(Stored records)
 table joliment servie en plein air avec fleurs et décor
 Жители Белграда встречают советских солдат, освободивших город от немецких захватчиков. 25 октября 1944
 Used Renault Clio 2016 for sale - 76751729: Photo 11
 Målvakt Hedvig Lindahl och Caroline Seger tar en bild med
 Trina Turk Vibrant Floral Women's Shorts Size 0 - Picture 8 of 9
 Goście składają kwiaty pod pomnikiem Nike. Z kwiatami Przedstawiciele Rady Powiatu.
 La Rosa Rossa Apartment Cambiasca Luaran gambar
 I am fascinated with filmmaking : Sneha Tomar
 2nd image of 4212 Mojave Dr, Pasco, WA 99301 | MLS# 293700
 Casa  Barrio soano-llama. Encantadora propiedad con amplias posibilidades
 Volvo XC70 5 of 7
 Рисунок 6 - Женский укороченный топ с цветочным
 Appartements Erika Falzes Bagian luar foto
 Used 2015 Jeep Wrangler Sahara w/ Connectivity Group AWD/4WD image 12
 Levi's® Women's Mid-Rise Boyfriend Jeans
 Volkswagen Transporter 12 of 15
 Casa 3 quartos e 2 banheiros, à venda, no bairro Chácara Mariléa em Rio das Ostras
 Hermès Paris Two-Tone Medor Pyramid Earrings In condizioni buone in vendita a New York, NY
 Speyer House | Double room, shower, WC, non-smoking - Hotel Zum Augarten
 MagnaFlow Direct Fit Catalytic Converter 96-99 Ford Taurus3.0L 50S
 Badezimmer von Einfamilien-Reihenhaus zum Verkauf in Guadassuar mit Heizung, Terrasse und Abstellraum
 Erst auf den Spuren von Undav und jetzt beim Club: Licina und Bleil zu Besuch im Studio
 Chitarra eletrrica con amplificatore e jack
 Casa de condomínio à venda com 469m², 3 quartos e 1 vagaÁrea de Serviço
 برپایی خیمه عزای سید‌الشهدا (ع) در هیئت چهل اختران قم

• [WHAT IS EXPECTED] Beginning with the line that contains "con amplias posibilidades", write out every line through the end of the entries above, exactly.

• [REPLY TO THE EXERCISE]
 Casa  Barrio soano-llama. Encantadora propiedad con amplias posibilidades
 Volvo XC70 5 of 7
 Рисунок 6 - Женский укороченный топ с цветочным
 Appartements Erika Falzes Bagian luar foto
 Used 2015 Jeep Wrangler Sahara w/ Connectivity Group AWD/4WD image 12
 Levi's® Women's Mid-Rise Boyfriend Jeans
 Volkswagen Transporter 12 of 15
 Casa 3 quartos e 2 banheiros, à venda, no bairro Chácara Mariléa em Rio das Ostras
 Hermès Paris Two-Tone Medor Pyramid Earrings In condizioni buone in vendita a New York, NY
 Speyer House | Double room, shower, WC, non-smoking - Hotel Zum Augarten
 MagnaFlow Direct Fit Catalytic Converter 96-99 Ford Taurus3.0L 50S
 Badezimmer von Einfamilien-Reihenhaus zum Verkauf in Guadassuar mit Heizung, Terrasse und Abstellraum
 Erst auf den Spuren von Undav und jetzt beim Club: Licina und Bleil zu Besuch im Studio
 Chitarra eletrrica con amplificatore e jack
 Casa de condomínio à venda com 469m², 3 quartos e 1 vagaÁrea de Serviço
 برپایی خیمه عزای سید‌الشهدا (ع) در هیئت چهل اختران قم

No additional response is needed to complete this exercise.